За окнами хлопьями валил снег, через мост переходили какие-то люди в шинелях и с ружьями.
– Сейчас бы положить на тарелку кусок любимого «Пирога Двенадцатой ночи», с засахаренной, огромной – с дом! – вишней! Кладешь вишню в рот, а она тает-тает, – улыбнулась Ольга. – Сколько себя помню, мы всегда заказывали этот пирог на Рождество и Новый год! А теперь кондитерская наша закрыта, может статься, что и навсегда. Эх, вернуться бы в прошлое, я бы у них съела все пироги, а уж кофе напилась на всю жизнь, целую реку бы выдула. Ах, Ксюта, какая это радость – сидеть в кондитерской, пить кофе и просто глазеть в окно. Так подумать, жизнь вообще состоит из маленьких радостей и большой беды!
– От Сережи так и нет известий? – тихо спросила Ксения. – Беспокоишься за него?
Ольга сникла, о Сергее она знала лишь, что он где-то на Дону с Белой армией.
– Да, переживаю, потому что знаю – он не станет себя беречь, – Ольга махом опрокинула рюмку с настойкой. – Сергей – заблудившийся в веках рыцарь, и он, конечно, будет сражаться до конца. А ты, Ксюта, беспокоишься за Колю?
– Я боюсь за него! – кивнула Ксения. – Они с Сергеем оба рыцари, просто верят в разное, сражаются каждый за свою правду и умереть готовы каждый за свое, но суть у них одна и та же.
Ольга проводила глазами очередной отряд красноармейцев с ружьями, переходивших мост, и покачала головой:
– Что же это за правда такая, что у каждого она своя? Так не может быть, не должно, правда одна – безотносительная, абсолютная!

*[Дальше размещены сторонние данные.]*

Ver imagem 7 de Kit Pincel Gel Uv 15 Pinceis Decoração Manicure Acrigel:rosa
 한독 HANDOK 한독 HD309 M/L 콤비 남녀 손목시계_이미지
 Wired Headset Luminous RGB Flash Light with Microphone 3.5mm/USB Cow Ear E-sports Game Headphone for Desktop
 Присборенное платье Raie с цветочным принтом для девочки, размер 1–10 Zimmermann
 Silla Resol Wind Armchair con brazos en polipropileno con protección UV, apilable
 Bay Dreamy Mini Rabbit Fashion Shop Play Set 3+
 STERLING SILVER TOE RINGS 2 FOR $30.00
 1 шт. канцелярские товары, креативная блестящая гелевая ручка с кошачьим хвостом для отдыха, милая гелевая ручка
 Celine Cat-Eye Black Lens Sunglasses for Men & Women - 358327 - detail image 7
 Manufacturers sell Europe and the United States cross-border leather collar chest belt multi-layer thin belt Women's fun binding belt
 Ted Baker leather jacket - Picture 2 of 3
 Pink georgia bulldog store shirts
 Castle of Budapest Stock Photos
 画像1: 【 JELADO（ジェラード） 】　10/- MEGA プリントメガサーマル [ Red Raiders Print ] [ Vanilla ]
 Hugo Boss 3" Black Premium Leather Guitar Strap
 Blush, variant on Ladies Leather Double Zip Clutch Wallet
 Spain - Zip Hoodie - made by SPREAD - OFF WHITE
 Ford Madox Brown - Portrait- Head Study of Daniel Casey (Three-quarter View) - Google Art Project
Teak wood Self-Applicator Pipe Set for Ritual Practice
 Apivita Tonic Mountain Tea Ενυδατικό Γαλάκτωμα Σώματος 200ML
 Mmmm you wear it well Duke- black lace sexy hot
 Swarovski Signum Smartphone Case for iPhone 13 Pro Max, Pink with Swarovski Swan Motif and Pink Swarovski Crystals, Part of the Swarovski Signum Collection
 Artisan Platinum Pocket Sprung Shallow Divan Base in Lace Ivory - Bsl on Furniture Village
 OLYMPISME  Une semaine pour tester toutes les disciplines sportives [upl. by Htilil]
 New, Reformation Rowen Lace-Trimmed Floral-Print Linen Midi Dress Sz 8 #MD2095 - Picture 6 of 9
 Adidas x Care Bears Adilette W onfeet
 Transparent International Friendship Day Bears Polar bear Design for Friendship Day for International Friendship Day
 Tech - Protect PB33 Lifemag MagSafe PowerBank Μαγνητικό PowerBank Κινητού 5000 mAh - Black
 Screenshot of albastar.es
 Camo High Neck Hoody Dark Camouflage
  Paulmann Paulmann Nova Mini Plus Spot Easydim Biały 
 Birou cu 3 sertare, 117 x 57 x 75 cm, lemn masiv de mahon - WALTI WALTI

– И в чем она? – вздохнула Ксения.
Ольга горько улыбнулась:
– Вот этого я не знаю!
Потрескивало пламя в печи, за окнами разыгрывалась уже настоящая вьюга.
Ольга глотнула кофе, такой горький, что, казалось, горше этой желудевой пакости уж ничего не бывает, и поежилась – несмотря на печь, в комнате все равно было холодно.
Ксюта поправила сползшую с плеча сестры шаль:
– Все хочу спросить, Оленька, где твой крест?
– Отдала Сергею.
– Так надо купить тебе новый, – вскинулась Ксения, – хочешь, я завтра в церковь…
– Я больше не верю в это, – решительно прервала Ольга, – Этот ваш Бог… Кого и от чего он уберег?! Не верю в него. Кончено!
– Какие страшные слова, – ахнула Ксения, – Оленька, тебе не надо больше пить маминой наливки!